Physical Withholding

Physical withholding concerns a strategy to manipulate markets. Therefore, physical withholding is prohibited.

In general, price setting mechanisms should work correctly. More specifically, the price of a commodity or commodity contract reflects scarcity, among many other factors. One can expect that in certain situations a scarcity premium will be built into prices, and prices will rise accordingly. This could for example appear where the margin between available capacity and peak demand becomes tight. This price rise will provide a signal to the market that should encourage investment in production or a demand side response, which will be to the benefit of future consumers.

Physical withholding concerns actions undertaken by persons that artificially cause prices to be at a level not justified by market forces of supply and demand. In physical commodity markets, this includes actual availability of production, storage or transportation capacity, and demand.

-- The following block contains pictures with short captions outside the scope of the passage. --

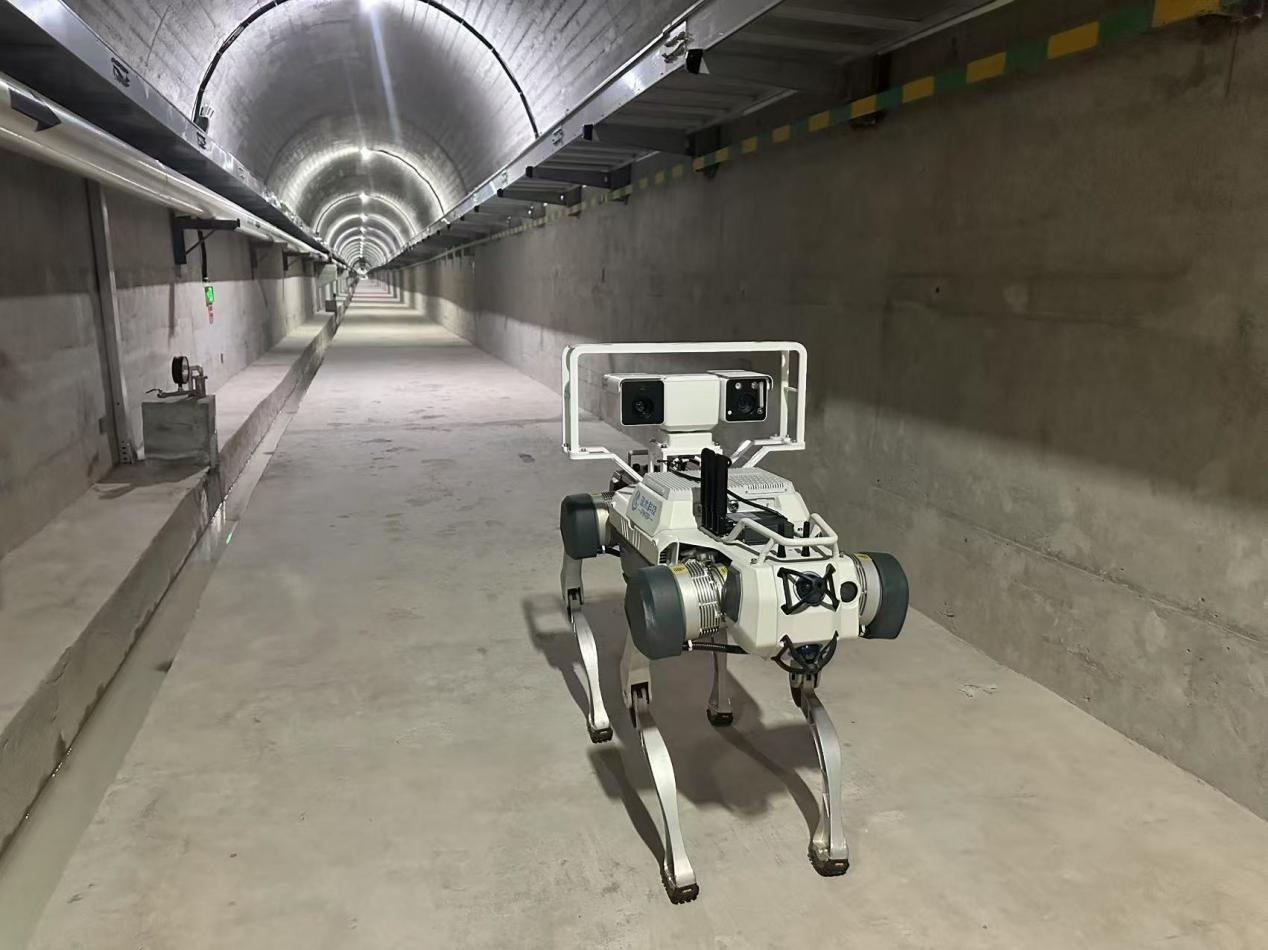 機(jī)器人正在對(duì)大壩廊道進(jìn)行巡檢，重點(diǎn)監(jiān)測(cè)裂縫，滲水點(diǎn)，積水等。水利部供圖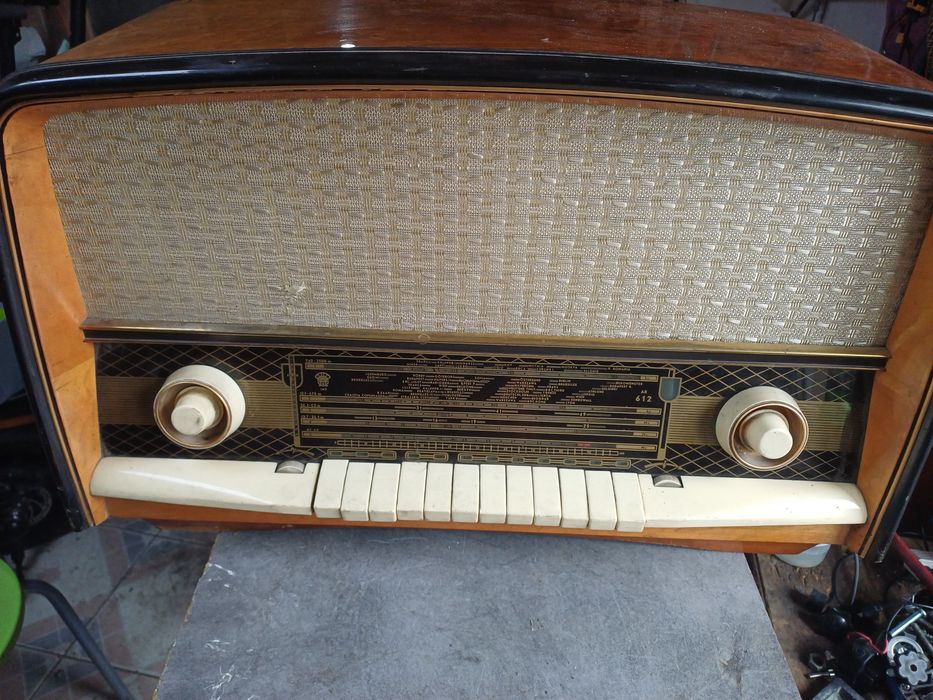 Vând radio Orion pe lampi.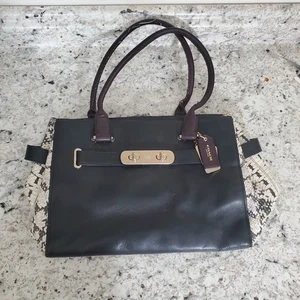 Bolso de Mano Coach Carry Todo Cuero Negro Bloque de Color Piel de Serpiente Borgoña Diseñador - Imagen 1 de 9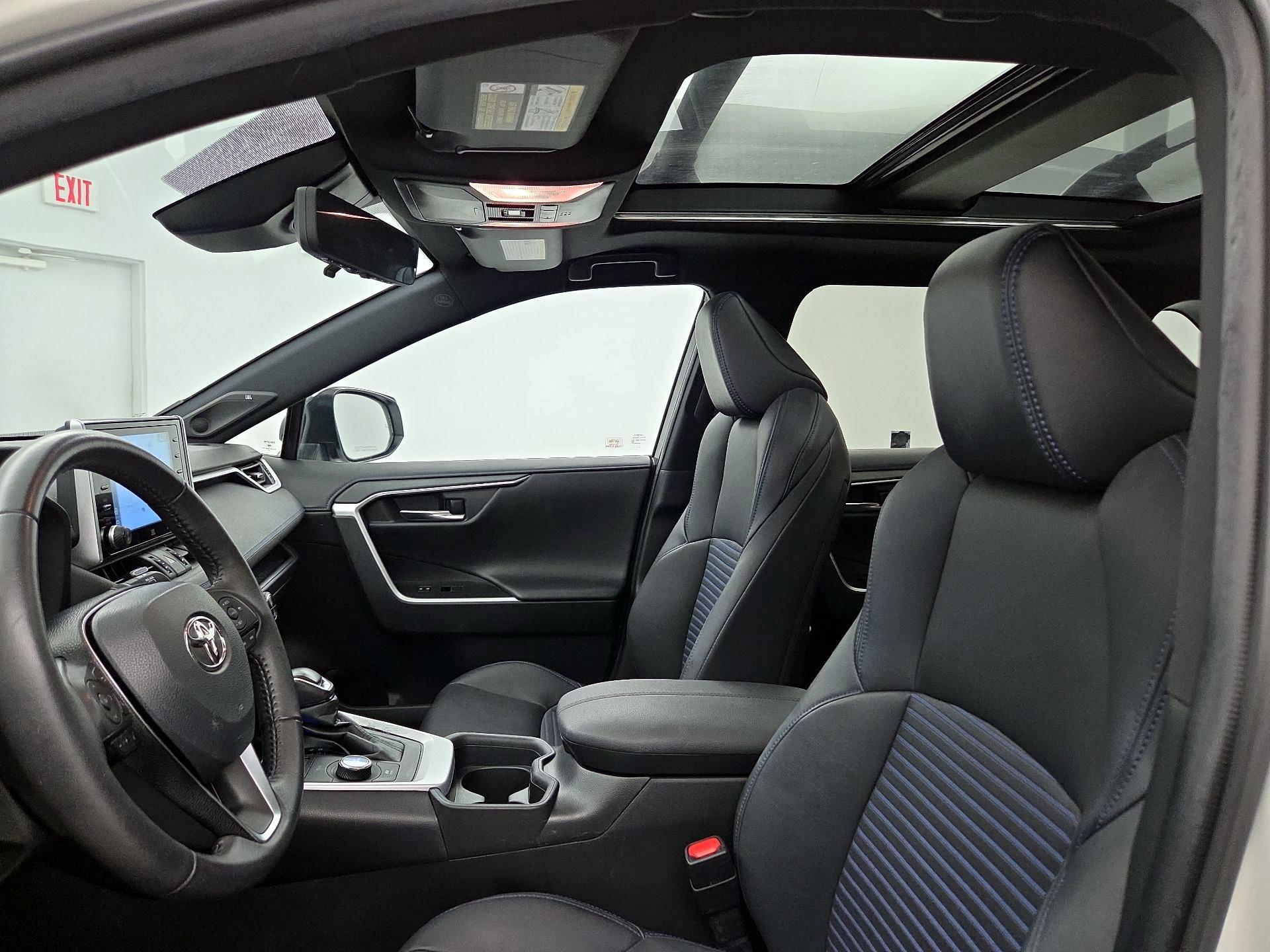 Thumbnail: 2021 Toyota RAV4 - 20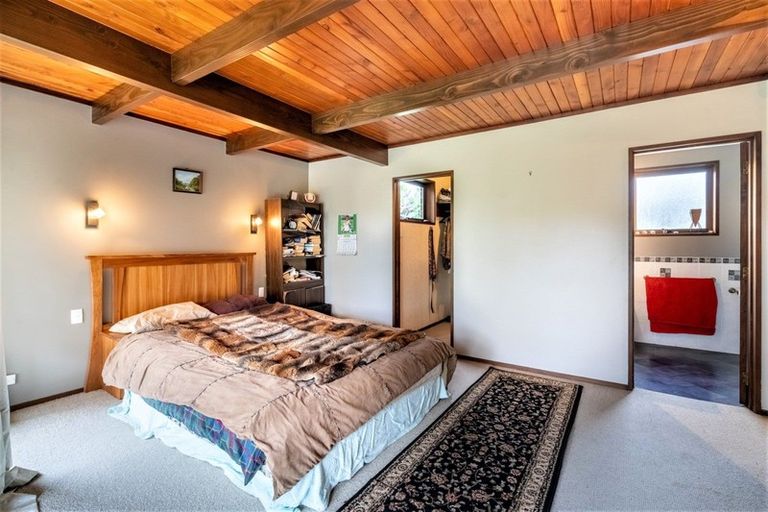 Photo of property in 115 Flora Road East, Makarewa, Invercargill, 9876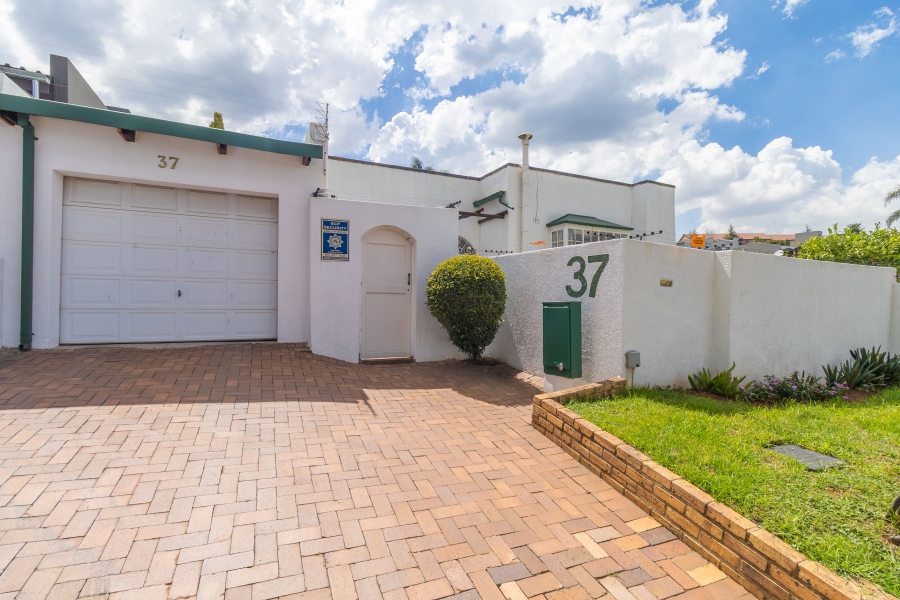 4 Bedroom Property for Sale in Greymont Gauteng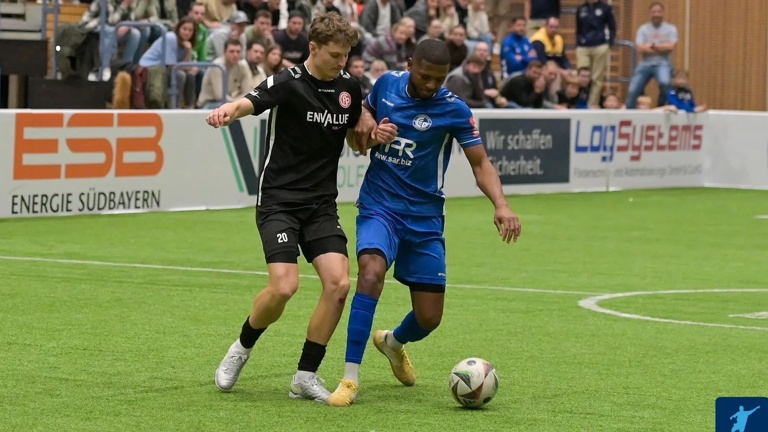 Ein Feld für die Zukunft – Kunstrasen für das Hallenspektakel in DGF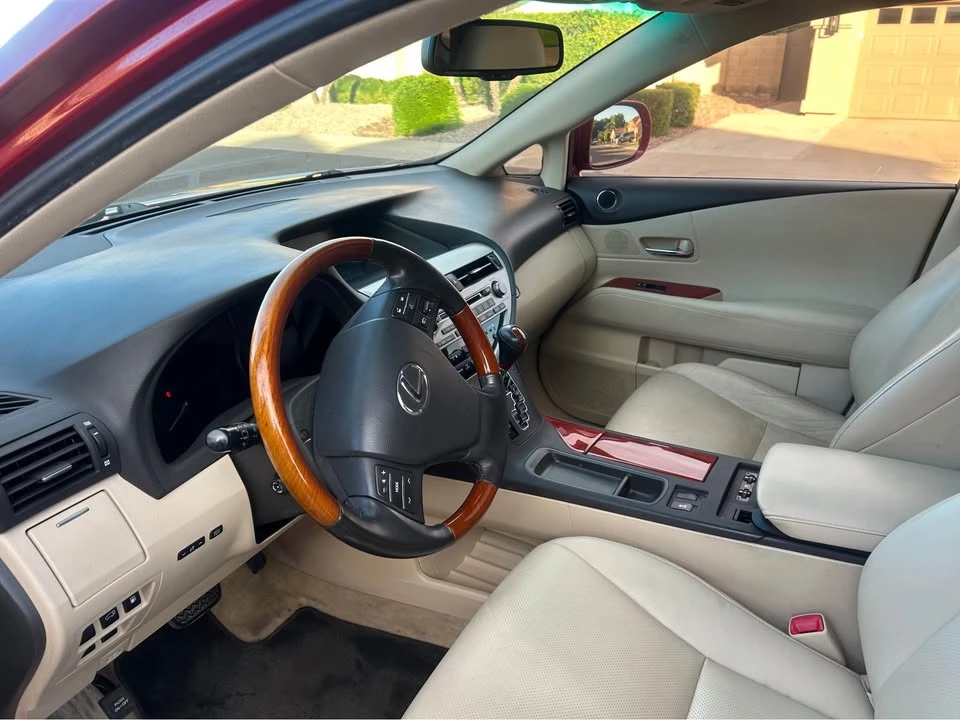 2010 Lexus RX 3rd Gen - Image 5 of 6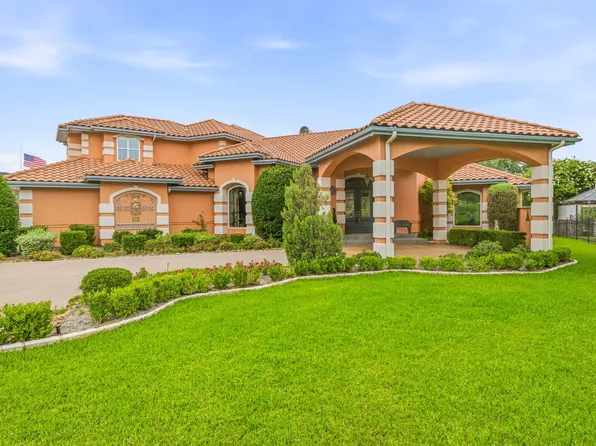 2002 W Emerald Bend Ct, Granbury, TX 76049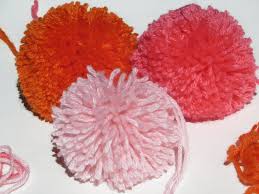 Fabriquer un pompon est un jeu d'enfant. Faire Un Pompon En 5 Minutes Joli Place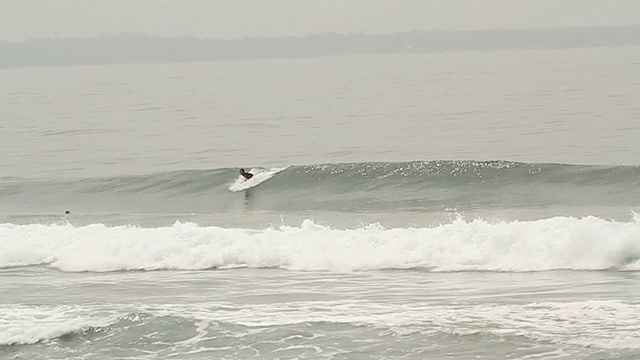 WS TS SLO MO冲浪者起飞和骑在小波浪上的照片/克瑞，楠榜，苏门答腊岛，印度尼西亚视频下载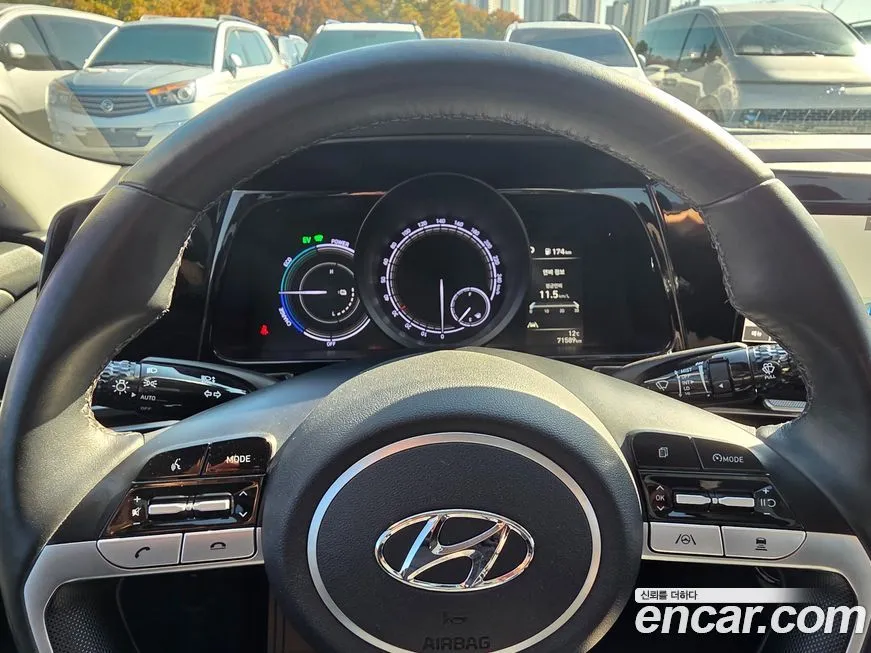 Hyundai AVANTE — фото 9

Physical withholding concerns, for instance, the practice where a market participant decides not to offer on the market all the available production, storage or transportation capacity, without justification and with the intention to shift the market price to higher levels. An example concerns not offering on the market, without justification, a power plant whose marginal cost is lower than the electricity spot price, which would cause scarcity and, hence, upward price pressure. Another example of physical withholding concerns misusing infrastructure, such as transport capacity or storage capacity, that would result in abnormal high prices. In other words, by withholding capacity, one creates scarcity. And, hence, one could influence the price.